Children's Health Defense highlighted a recent biosafety breach at NIH's Rocky Mountain Laboratories (RML) in Hamilton, Montana. In November 2025, a researcher potentially exposed themselves to Crimean-Congo Haemorrhagic Fever Virus (CCHF), a tick-borne pathogen with up to 40% fatality rate, causing severe bleeding, organ failure, and no widely available treatments, when their personal protective equipment (PPE) was breached. NIH confirmed the incident but emphasised no actual infection occurred, no risk to the public or other staff, and the worker was monitored.

This isn't an isolated "oops." It is symptomatic of a broader, underreported reality: laboratory accidents involving dangerous pathogens happen with disturbing regularity, even in high-containment facilities.

RML is one of the U.S.'s premier BSL-3/BSL-4 facilities, researching tick-borne diseases, Ebola, plague, and other high-risk agents. The CCHF incident triggered emergency protocols but stayed contained. Critics, including RFK Jr.-aligned voices at CHD, use it to underscore ongoing risks from gain-of-function-style research and dual-use pathogen work. NIH's track record includes past issues at the same lab (e.g., escaped infected mice in prior years).

Lab Leaks: Not Rare, Just Underreported

Historical data shows lab-acquired infections (LAIs) and accidental pathogen escapes (APELs) are surprisingly common:

A 2024 scoping review found 309 laboratory-acquired infections across 94 reports (2000–2021) involving 51 pathogens, plus 16 documented escapes from biocontainment. These are almost certainly undercounts due to poor mandatory reporting.

Earlier compilations (1979–2015) logged over 2,200 LAIs and dozens of deaths from publicly reported cases alone.

Notable historical escapes include: 1977 H1N1 "Russian flu" (likely a lab strain), multiple SARS-CoV-1 escapes from Asian labs in 2003–2004, the 1979 Sverdlovsk anthrax release (68+ deaths), and the 2007 UK Foot-and-Mouth outbreak from a leaky pipe.
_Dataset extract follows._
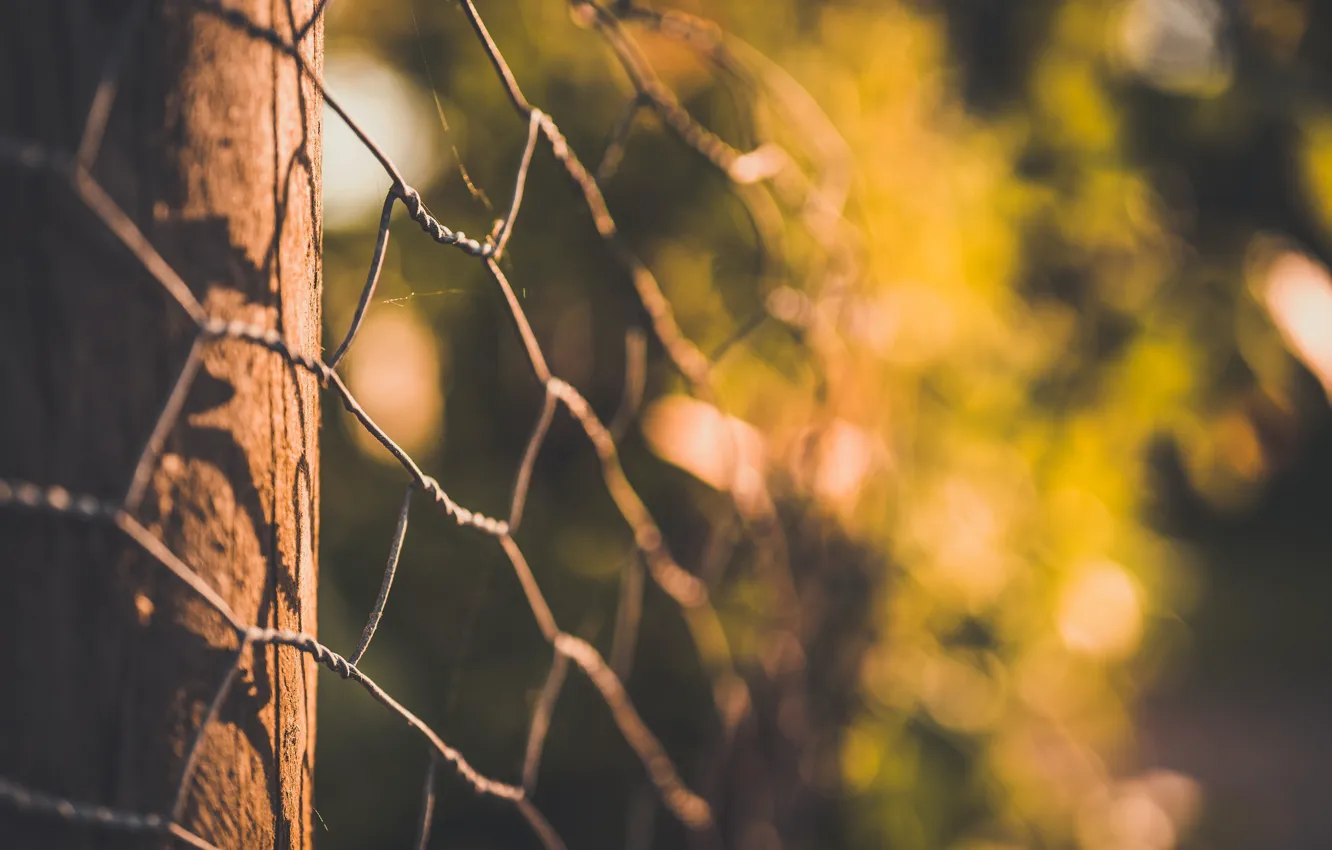 Photo wallpaper macro, background, the fence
Even select agent labs (handling the most dangerous pathogens) report dozens of incidents annually in the U.S. Needles sticks, PPE failures, spills, and procedural errors dominate. Human factors, fatigue, complacency, training gaps, persist despite stringent protocols.

Modern labs study increasingly transmissible or virulent pathogens. Gain-of-function research (enhancing transmissibility or virulence to study threats) amplifies both the stakes and the accident probability. A single escape of a novel or enhanced pathogen could spark the next pandemic, exactly the debate that still rages over COVID-19's origins.

Defenders argue BSL-4 labs have strong safety records overall, with redundant systems and no major community outbreaks from U.S. facilities. Yet the pattern is clear: accidents occur, transparency is inconsistent, and incentives favour downplaying risks to protect funding and careers.

The Montana incident, minor in outcome, highlights systemic vulnerabilities. As global labs proliferate (including in nations with weaker oversight), the cumulative risk grows. Calls for stricter oversight, pauses on certain high-risk experiments, better real-time reporting, and independent audits are not "anti-science." They are pro-accountability.

Pretending leaks are vanishingly rare is wishful thinking. The data, from Montana to historical tallies, shows otherwise. Robust biosafety, humility about human error, and prioritising truly essential research over prestige projects would reduce risks. Lab leaks aren't inevitable, but they are common enough that complacency is dangerous. The next breach might not stay contained.